Olguları ya da olayları  açıklamaya çalışırken “kategorik anlatımlar”  anlatımlar maksadı aşabilir; “yalınlık”  adına “basitlik” çıkmazına girebiliriz. 

Bir ömrün “muhasebesini” yapar, ne kadar verimli yaşandığını  sorgularsak, “anlamak ve anlatmak” için yaşayanların “kalıcı”, günün küçük hazlarının peşinde koşanların ise  popüler gündemi ne denli işgal etmiş olurlarsa olsunlar “geçi” oldukların sayısız örneğini bir çırpıda alt alta sıralayabiliriz.

Evreni anlamak için, atomların ve süper şeritlerin bileşenlerini, bağlamlarını, etkileşimlerini, kararlılıklarını ve değişkenliklerini kavramaya çalışırız.

Hayatı anlamak için, hücrelerin karmaşasını ve moleküllerin oluşumunu inceleriz.

İnsan davranışlarını anlamak için, genlerin rolünü sorgular, epigenetik etkilerin ilke, kural ve yasalarını  bulmaya çalışırız.

İnançları anlamak için, mitolojinin peşine düşer, peygamberlerin izini sürer, ideolojilerin arka planını araştırırız.

Neden anlamak isteriz?

Anlamak isteriz, çünkü yaşadığımız  evren ve onun küçük bir parçası olan dünyamızda “karmaşıklık” geçerlidir.
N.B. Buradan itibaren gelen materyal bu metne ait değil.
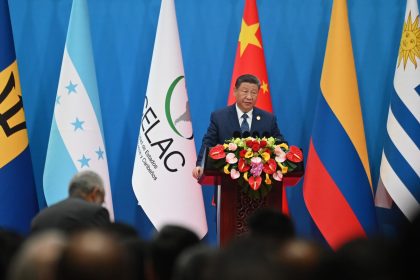 China baut Partnerschaften mit Lateinamerika aus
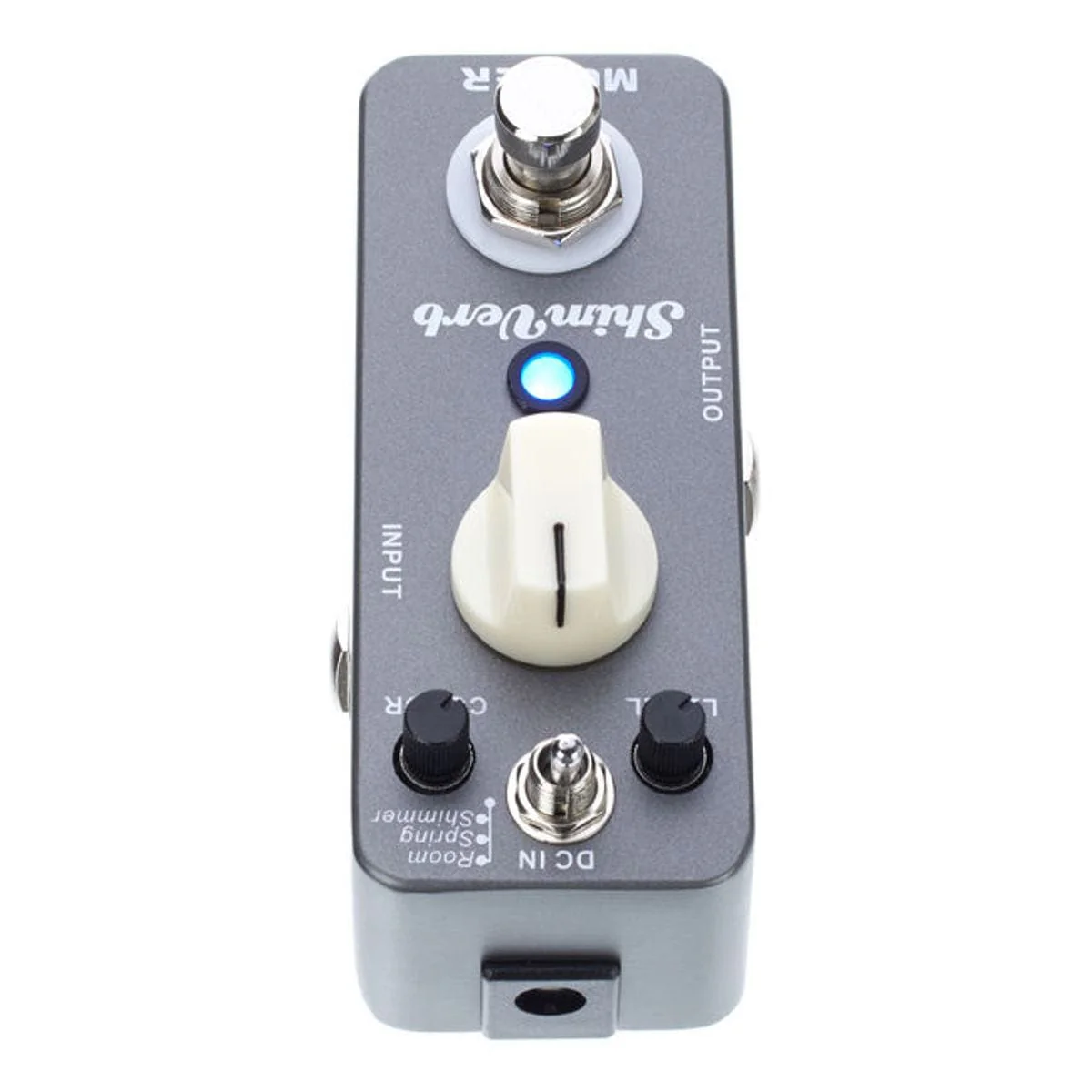 Mooer Shim Verb Digital Reverb Guitar Effects Pedal - Image 4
Atom ve atomaltı  parçacıklar ne kadar karmaşıksa, uzayın sonsuz büyüklüğünde yer alan galaksilerin  bağlantıları, iletişim ve etkileşimleri de o denli karmaşıktır…Hücreler ve moleküller dünyası da bir o kadar karmaşık yapıya ve etkiye sahiptir. İnançların karmaşıklığını anlamak için günlük dilde dolaşan peygamber sayılarını hatırlamak  yeterlidir.

Bu yıl Nobel Ödülleri’ni  alanların ortak özelliklerine  dikkat ediniz…Fizik, Kimya, Tıp ve Ekonomi alanında ödül alanların ortak özellikleri  “karmaşıklığın etkilerini”  anlayabilmemiz için yeni yol, yöntem ve formül arayışıdır.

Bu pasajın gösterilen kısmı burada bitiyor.